Rudd has promised to continue producing these works until Tracey is recovered, and while of course we fervently hope that this will soon occur, we cannot help but yearn for a gallery filled with such poignant expressions of the kind of contemporary tragedy that haunts us all.

‘Well, well,’ Kathy thought. She poured herself another cup, opened the second paper, and discovered an even more ecstatic review.

At his desk in Shoreditch police station, Brock put aside the same newspaper and thought about a more difficult problem. He hadn’t yet answered Suzanne’s letter, and the longer he left it the harder it became. The very idea of writing a letter seemed stiff and old-fashioned, as if they were living in an age before the telephone, when manners were more formal and correct. He wondered if that was her point, that setting things down on paper somehow made them more contractual and irrevocable. Not that there was anything unreasonable in what she had to say. Her life had arrived at a point which she hadn’t expected; she was suddenly free of ties she’d assumed to be permanent and now she needed to reassess things. Everything.

He picked up the phone, and as he dialled a siren wailed outside like a premonition of winter. She answered on the first ring and he pictured her sitting in her bay window overlooking the high street. As soon as he heard her voice he felt the familiar tug.

‘David! I’ve just been reading about Gabriel Rudd. He sounds outrageous.’

‘How are you?’

‘Missing you. You got my letter?’

‘Yes. I’ve been thinking a lot about it.’
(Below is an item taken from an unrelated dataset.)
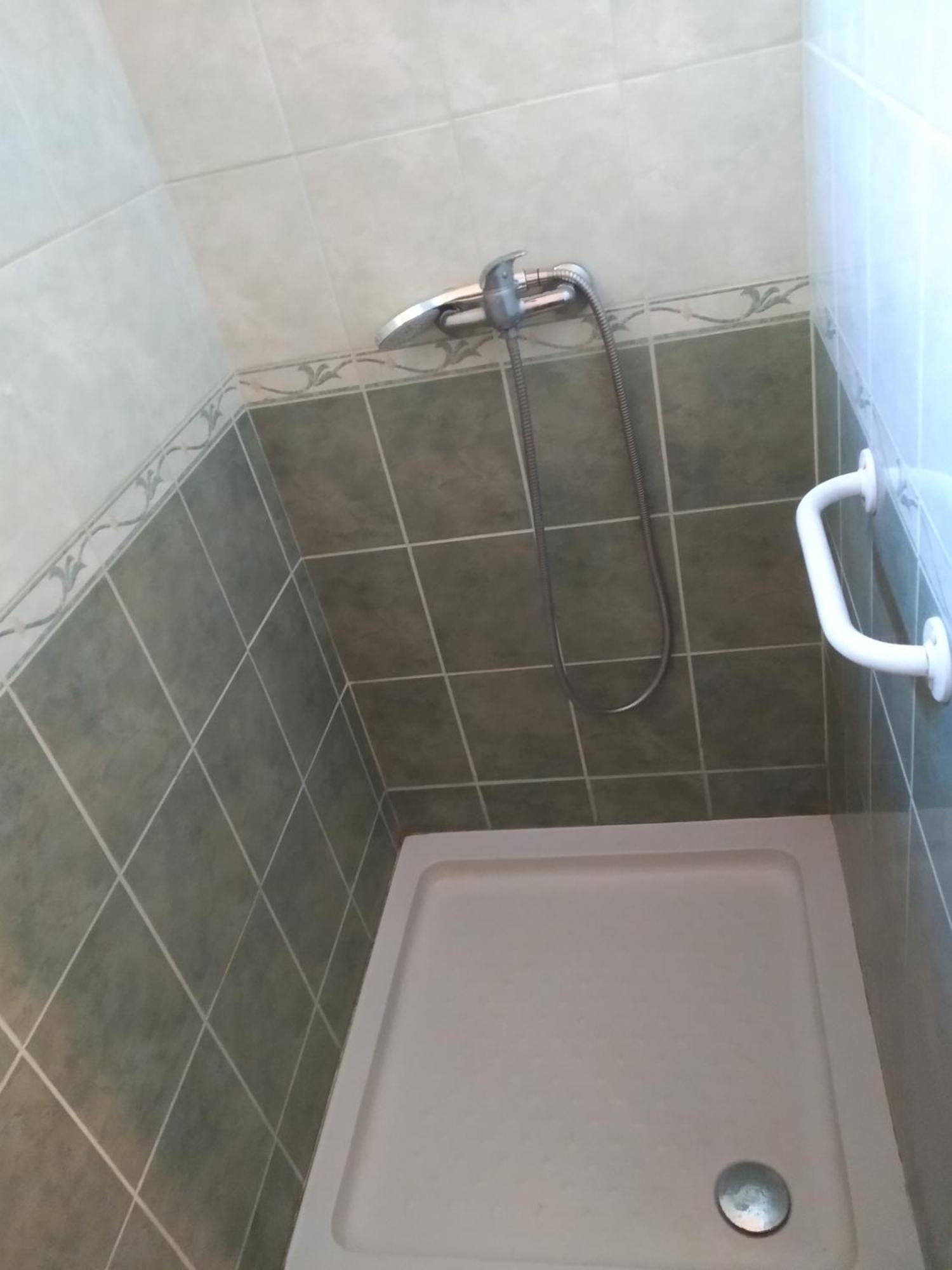 Hutter Vendeghaz Hotel Szantod Bagian luar foto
‘I’m sorry, it must have been the last thing you needed with your new case starting at the same time. I know how busy you’ve been. I did ring you during the week, but you were in a meeting. I was put through to someone in Shoreditch and they said they’d give you the message. Did you get it?’

‘No, I’m afraid not.’

‘It just helped me to put everything down in black and white. I feel I have to sort things out.’

‘I understand.’

‘And it’s not as if we haven’t talked about it before. You remember, when you got beaten up in the street?’

‘I wasn’t beaten up, exactly.’

‘You were attacked while you were making that arrest, and we agreed it was time you reassessed what you were doing, so that you weren’t put in that kind of situation any more.’
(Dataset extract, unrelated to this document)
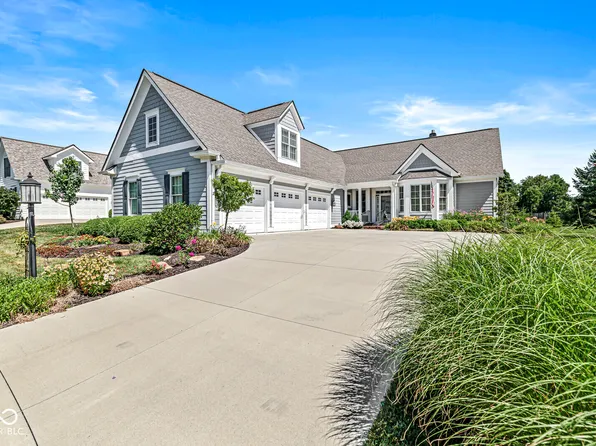 744 Hanover Close, Zionsville, IN 46077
He couldn’t remember agreeing to any such thing, but he didn’t argue.

‘Anyway, I just think this has come at the right time,’ she went on firmly.‘It’s time to start again, for both of us.’

Brock couldn’t decide whether it sounded more like an invitation or an order. He felt frustrated by the phone, unable to gauge the expression on her face, the set of her body. He sensed that she’d already moved on from the doubts expressed in her letter, and had already arrived at certain conclusions.

‘You know things are impossible for us like this, David, hardly ever seeing each other, fitting our lives in around your job and my grandchildren. We put up with it because we had to, but we don’t any more.’

‘We need to talk these things through, Suzanne. We should make time, get away for a while, take a holiday,’ he improvised soothingly.‘Soon, after this case is over.’

‘Exactly!’ Her enthusiasm caught him by surprise. ‘You know who rang me the other night? Doug in Sydney-you remember? My sister Emily’s husband. They’re planning for her sixtieth birthday next month, and he thought how fantastic it would be if I turned up at the party, as a surprise. I haven’t seen her for ten years. It seemed like a sign, coming out of the blue like that. I want us both to go, David.’

‘That sounds wonderful,’ he said cautiously. ‘When is this?’

‘In about three weeks. I thought we might make a proper trip of it, see the outback, take four or five weeks.’